Les 7 et 8 octobre, le Magazine le Point a organisé durant son Futurapolis Santé 2022 une rencontre consacrée aux « causes de l’autisme ». Étaient présentes la chercheuse Amaria Baghdali, la responsable de la « stratégie autisme » Claire Compagnon, une mère de deux enfants autistes et une journaliste du Point. L’absence d’une personne autiste a permis un discours hautement problématique. Nous, membres de La Neurodiversité France, souhaitons en rappeler les effets et conséquences, dans un contexte où l’ONU a rappelé que les politiques publiques devraient être conçues pour les personnes concernées, et avec leur pleine participation.

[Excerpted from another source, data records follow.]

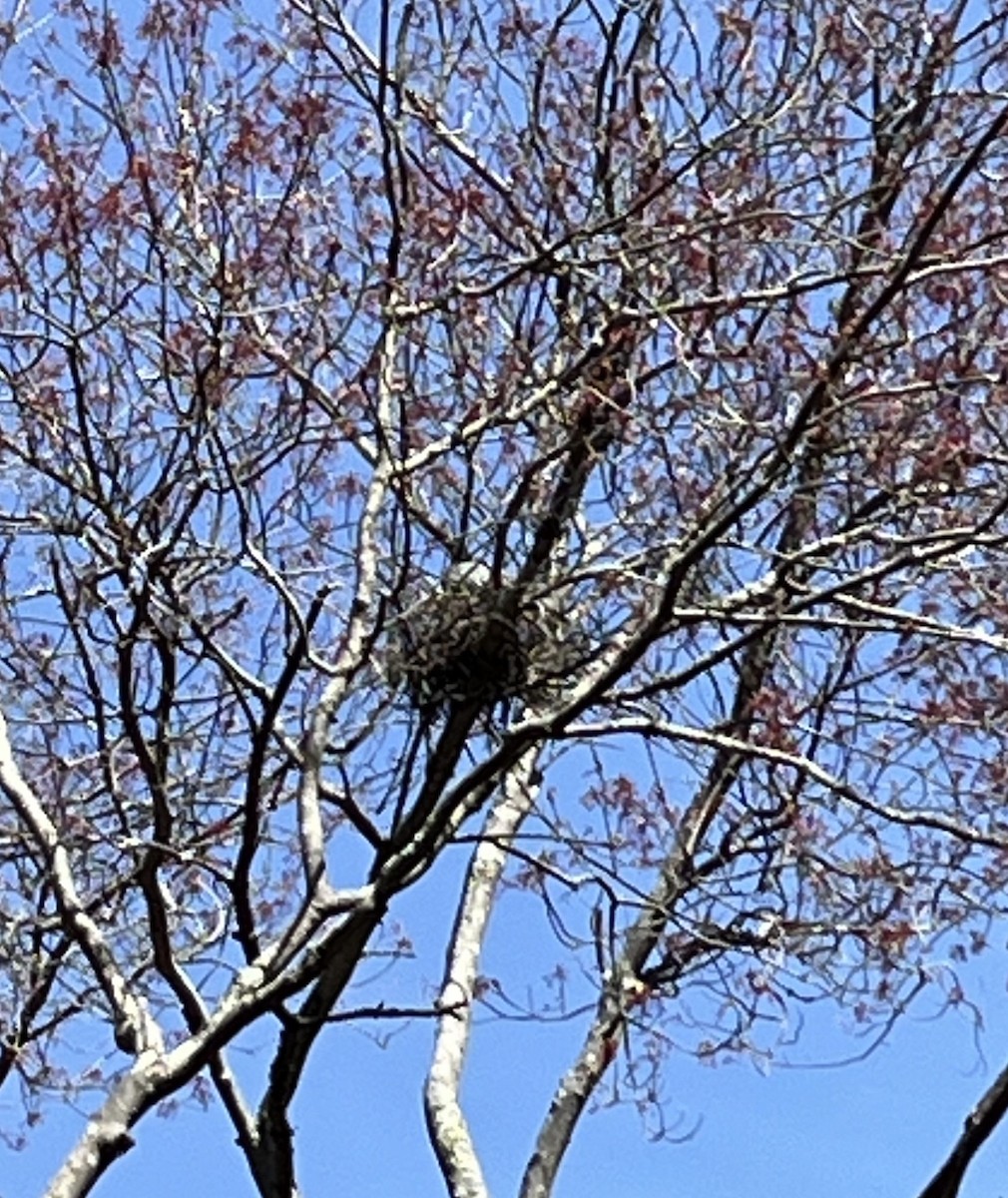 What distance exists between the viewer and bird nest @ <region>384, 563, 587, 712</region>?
5.57 m

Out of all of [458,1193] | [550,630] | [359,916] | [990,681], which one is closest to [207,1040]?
[359,916]

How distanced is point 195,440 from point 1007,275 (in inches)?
80.9

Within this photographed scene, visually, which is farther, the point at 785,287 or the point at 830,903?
the point at 830,903

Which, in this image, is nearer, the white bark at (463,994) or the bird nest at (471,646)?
the bird nest at (471,646)

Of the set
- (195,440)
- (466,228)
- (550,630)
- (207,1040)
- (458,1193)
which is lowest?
(207,1040)

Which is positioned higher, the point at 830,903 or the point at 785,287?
the point at 785,287

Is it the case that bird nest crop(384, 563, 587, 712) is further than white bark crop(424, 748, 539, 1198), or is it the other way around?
white bark crop(424, 748, 539, 1198)

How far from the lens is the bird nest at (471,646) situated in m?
5.57

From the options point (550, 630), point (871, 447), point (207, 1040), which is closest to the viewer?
point (207, 1040)

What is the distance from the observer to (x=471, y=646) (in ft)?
18.4

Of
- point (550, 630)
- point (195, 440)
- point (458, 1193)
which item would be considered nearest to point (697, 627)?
point (550, 630)

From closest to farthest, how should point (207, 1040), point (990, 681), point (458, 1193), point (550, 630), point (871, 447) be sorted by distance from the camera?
1. point (207, 1040)
2. point (871, 447)
3. point (550, 630)
4. point (990, 681)
5. point (458, 1193)

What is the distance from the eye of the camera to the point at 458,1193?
6.60m

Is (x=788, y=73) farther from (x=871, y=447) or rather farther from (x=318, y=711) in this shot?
(x=318, y=711)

Assimiler l'autisme au "mal" : un discours d'extrémistes religieux
L’autisme est assimilé au « mal » dans la présentation vidéo officielle de cette conférence, ainsi que dans l’article de presse qui y est consacré.
En 2003, Michelle Dawson a rédigé un article intitulé « Bettelheim’s worst crime » (le pire crime de Bettelheim), expliquant de quelle manière l’ancienne culpabilisation des parents d’enfants autistes a mené à une culpabilisation des autistes eux-mêmes. Les pouvoirs publics doivent trouver des responsables pour justifier les nombreuses difficultés rencontrées. Ces « responsables » ne peuvent pas être ceux en charge des politiques publiques, ici engagés dans une autopromotion perpétuelle de leurs actions (ou plutôt, leurs inactions). Ces responsables ne peuvent plus être les psychanalystes, effectivement responsables d’un important retard de la France dans l’approche de l’autisme, mais qui ont été écartés des décisions publiques depuis une bonne dizaine d’années. Ces responsables ne peuvent pas être les parents, longtemps culpabilisés par les professionnels formés à la psychanalyse, et souvent déjà à bout. Le seul responsable de la souffrance est tout trouvé, c’est… l’autisme. L’autisme est donc associé au « mal », un terme qui désigne la souffrance physique en médecine, mais aussi et surtout « ce qui est contraire au bon et à la vertu » dans la plupart des religions. L’élimination du « mal » ne peut être questionnée : seules les modalités de cette élimination peuvent l’être. Durant l’entièreté de l’intervention, jamais le bien-fondé d’une recherche des « causes de l’autisme » n’est questionné, alors même que Claire Compagnon, dans sa position de responsable des politiques publiques, ne peut ignorer qu’une partie importante des personnes autistes majeures s’opposent à la recherche sur les « causes » en raison du risque d’élimination prénatale eugéniste.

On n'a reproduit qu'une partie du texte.